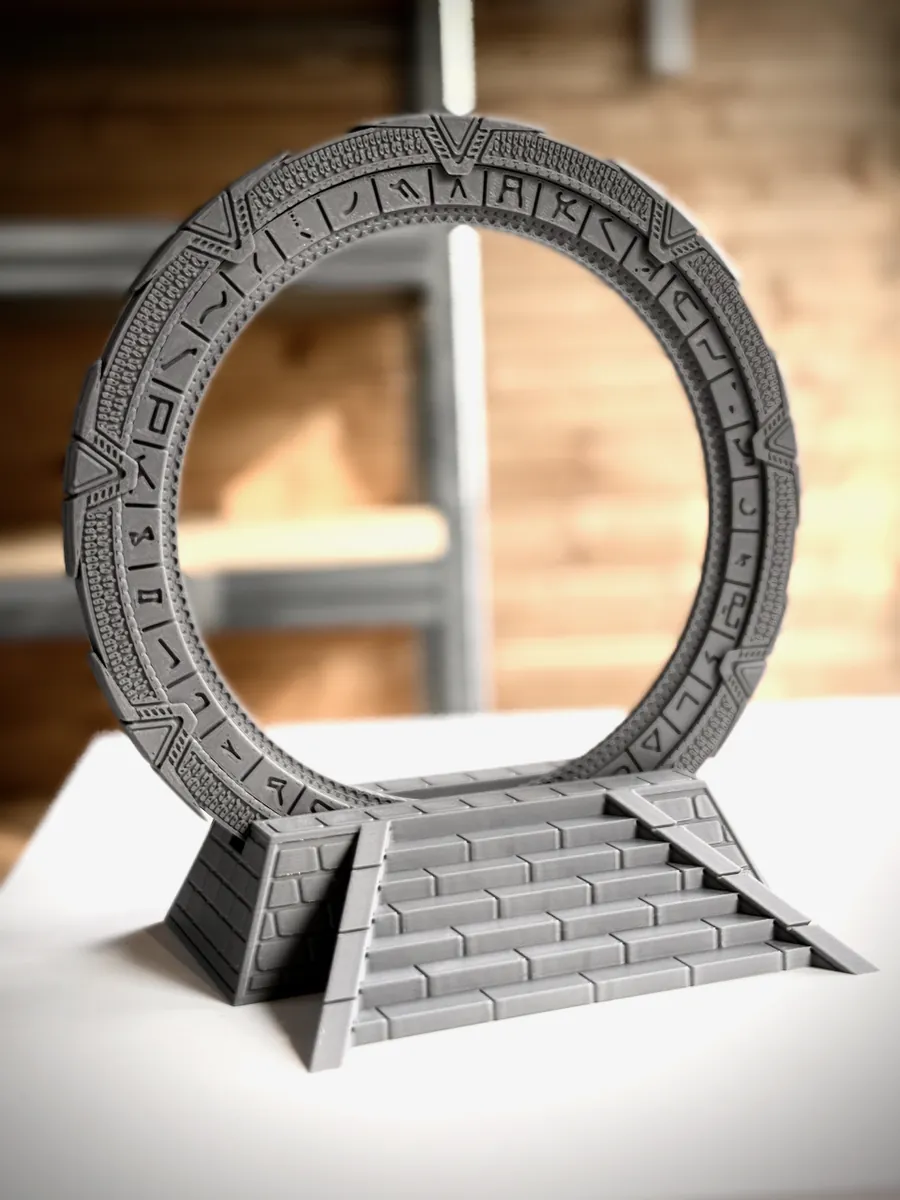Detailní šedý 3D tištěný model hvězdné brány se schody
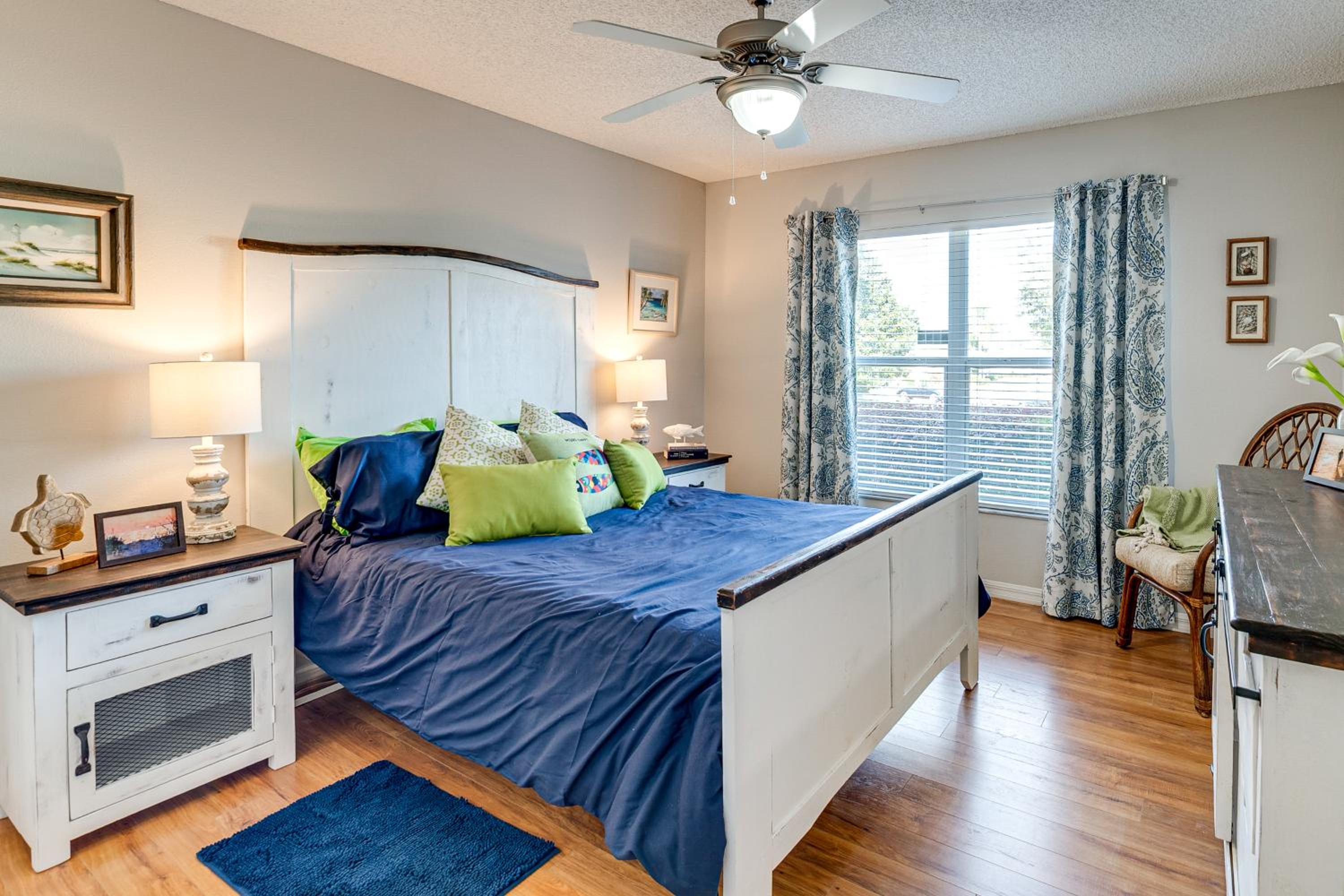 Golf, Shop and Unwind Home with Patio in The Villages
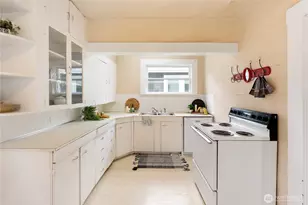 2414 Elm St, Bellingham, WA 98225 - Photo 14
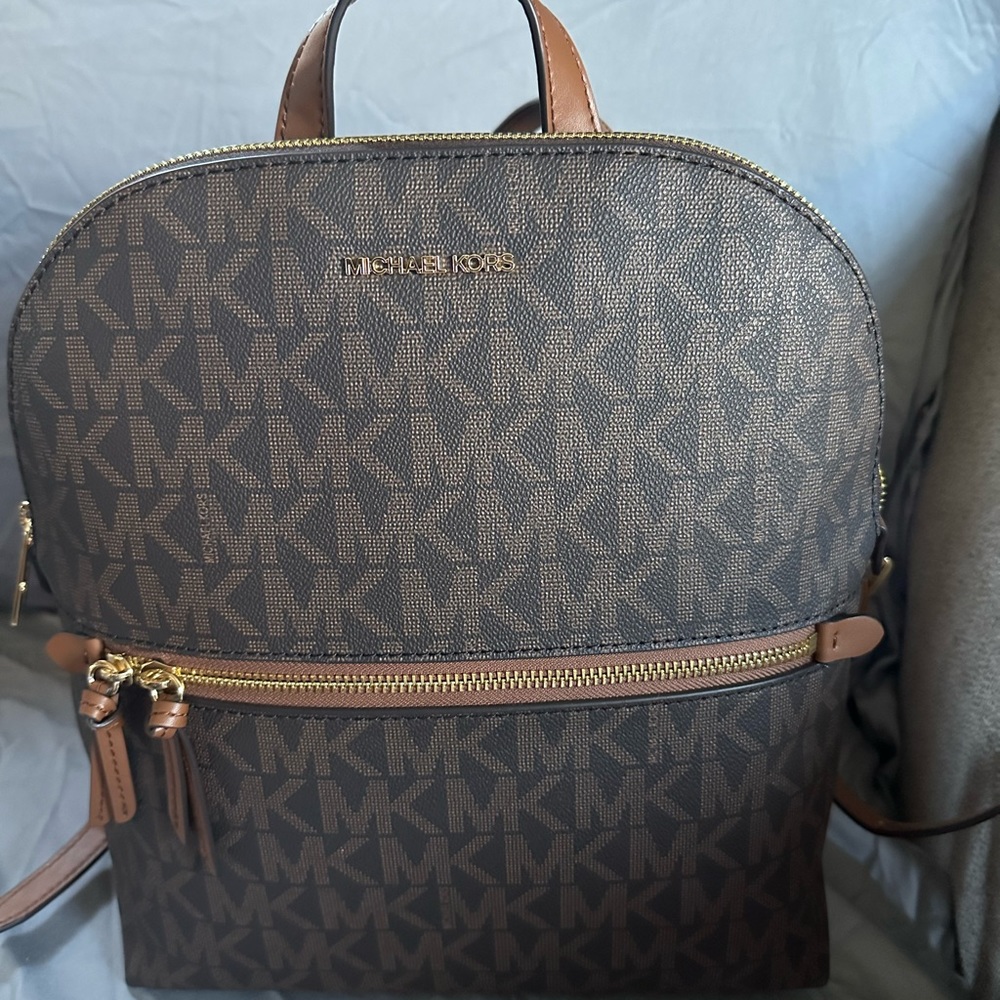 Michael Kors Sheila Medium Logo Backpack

───

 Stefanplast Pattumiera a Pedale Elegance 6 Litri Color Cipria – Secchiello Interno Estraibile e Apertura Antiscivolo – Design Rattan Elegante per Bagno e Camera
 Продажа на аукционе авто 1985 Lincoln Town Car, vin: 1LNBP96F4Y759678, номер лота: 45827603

───

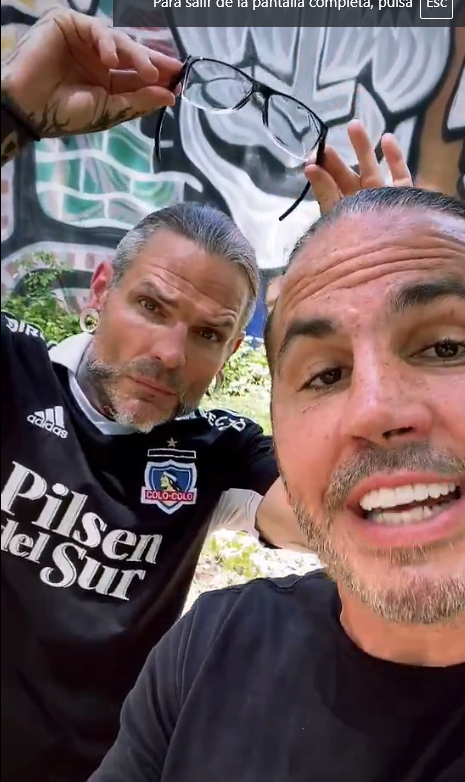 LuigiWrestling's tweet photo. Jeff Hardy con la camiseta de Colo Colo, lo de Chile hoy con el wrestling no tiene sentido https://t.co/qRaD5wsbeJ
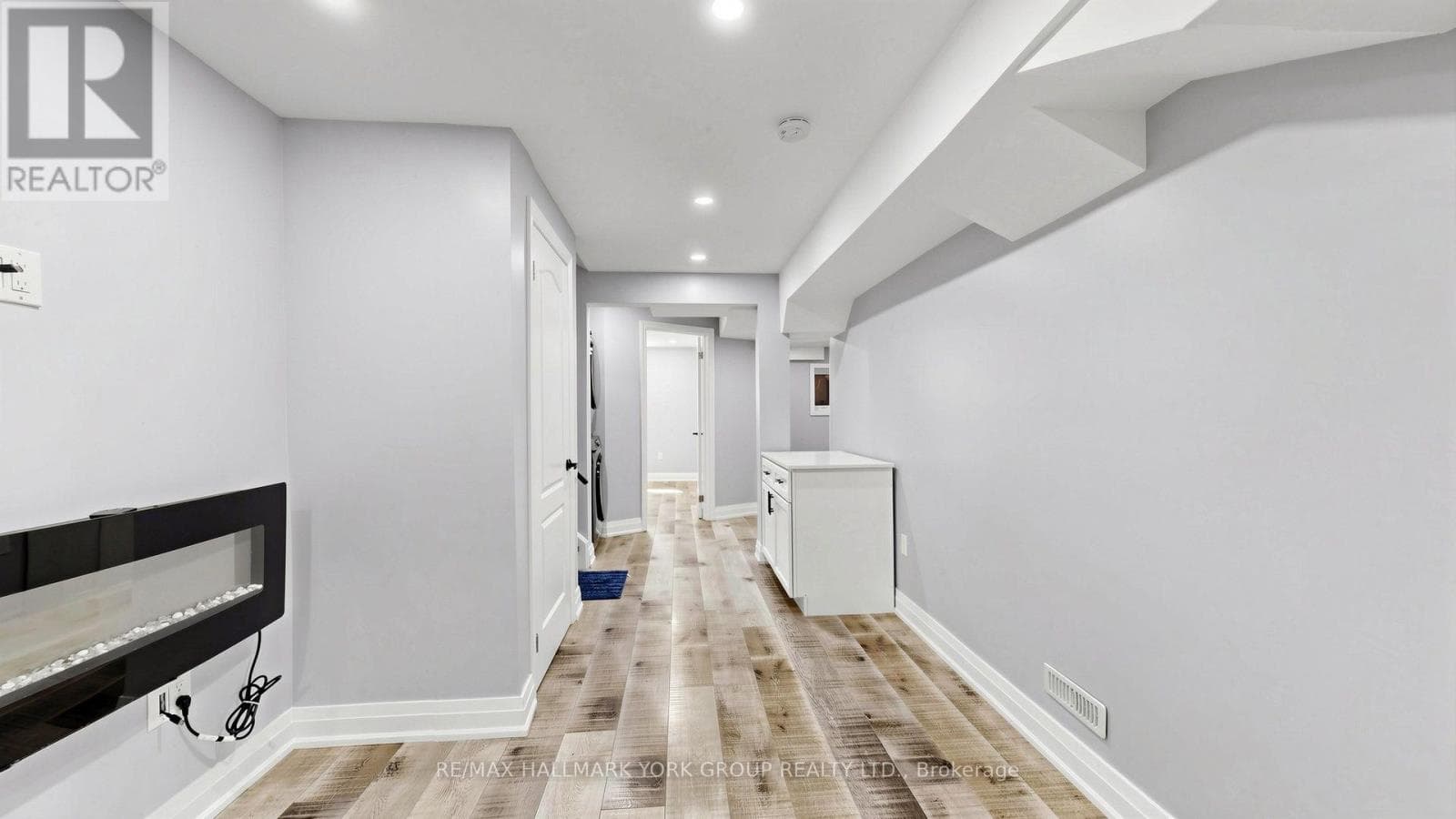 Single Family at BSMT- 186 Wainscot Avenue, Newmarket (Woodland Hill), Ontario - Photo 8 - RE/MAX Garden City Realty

───

What you should do:
Each line from the one that contains "Detailní šedý 3D" down to the one that contains "Michael Kors Sheila Medium Logo Backpack" is to be returned exactly as it stands above, both ends included, with pictures removed.

Answer space:
Detailní šedý 3D tištěný model hvězdné brány se schody
 Golf, Shop and Unwind Home with Patio in The Villages
 2414 Elm St, Bellingham, WA 98225 - Photo 14
 Michael Kors Sheila Medium Logo Backpack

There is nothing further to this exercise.